Si algo ha caracterizado al impuesto sobre estancias turísticas, más conocido como ecotasa, desde que se planteara su establecimiento en el año 2001 ha sido su belicosidad. El primer Govern de izquierdas en Illes Balears, con Xisco Antich, necesitaba diferenciarse de los anteriores del PP con sus banderas: la ecologista y la de su combatividad a la ‘permisibilidad’ hacia el sector hotelero; así nació la ecotasa, que les permitía ondear ambas.
Para convencernos de las bondades de crear un nuevo impuesto, argumentaban que sería un instrumento para compensar ‘el desgaste excesivo de nuestros recursos territoriales y medioambientales’ de la actividad turística, mediante el pago por los turistas en los alojamientos turísticos de un tributo de carácter finalista para adquirir espacios naturales y patrimoniales, rehabilitar zonas turísticas, revitalizar agricultura…

LA OPOSICIÓN DEL PP a esta exacción –y naturalmente de los hoteleros– se basaba en un argumento de peso: con las cosas de comer no se juega; comprometiéndose a su eliminación si ganaba las elecciones, como ocurrió en 2003.
Tras una etapa prolongada de olvidanza se recuperó en 2016 por Francina Armengol, con resistencia de ‘baja intensidad’ tanto hotelera, más interesados en restringir el alquiler turístico, como de los partidos de la oposición de centro derecha, seguramente porque se había normalizado su cobro en varias ciudades europeas.
El debate y crítica se ha ido centrando en el destino de esos fondos recaudados, dada la pluralidad de fines en esta segunda etapa, donde ya es muy pretencioso llamarle ecotasa tras financiar conciertos o, como se está tramitando, ampliarla para los fijos discontinuos.
ESTA ‘PAX BALEARICA’ sobre el impuesto, al no existir en la actualidad ningún partido que plantee su derogación en Balears –en otras zonas de España PP y Vox mantienen una oposición firme a este– permite abrir otros debates, una vez que ha abandonado su espíritu originario del 2001.
Este cobro de un tributo a los turistas por su alojamiento tiene mayor sentido que se destine a mejorar la financiación de los servicios que prestan los ayuntamientos y sus infraestructuras, a reforzar por la actividad turística, asumidos exclusivamente por los residentes –analice un presupuesto municipal–, más que a financiar iniciativas autonómicas que ya cuentan con la cesión significativa del IVA que pagan los viajeros.
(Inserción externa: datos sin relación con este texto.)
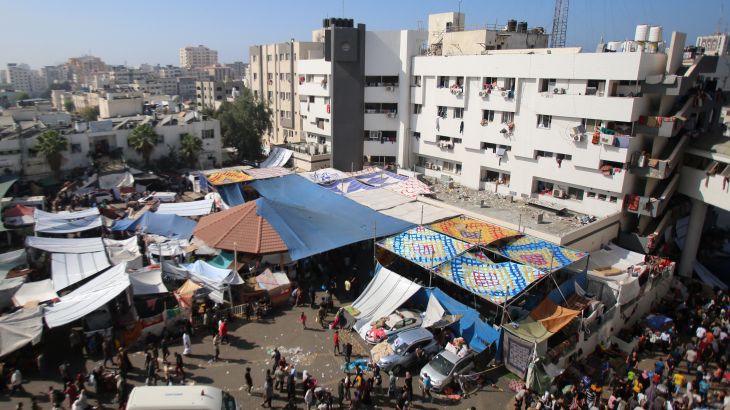 An aerial view shows the compound of Al-Shifa hospital in Gaza City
En nuestro país se han establecido dos vías para ello: recargo municipal sobre el impuesto autonómico –Catalunya–; una tasa como ha aprobado recientemente el ayuntamiento canario de Mogán. Es más sólido, en técnica hacendística, utilizar la figura tributaria del impuesto –a aprobar por parlamentos–, y no el establecimiento de una tasa mediante ordenanza fiscal, con un hecho imponible muy forzado –el TSJ de Canarias ha suspendido temporalmente su aplicación.
En lugar de tanto mareo en el destino, se debería reservar la recaudación de manera mayoritaria a los ayuntamientos, sin necesidad de establecer nuevos recargos como la vía catalana –que supondría de facto un aumento–, ni experimentar con la vía de Mogán por cuestiones técnicas.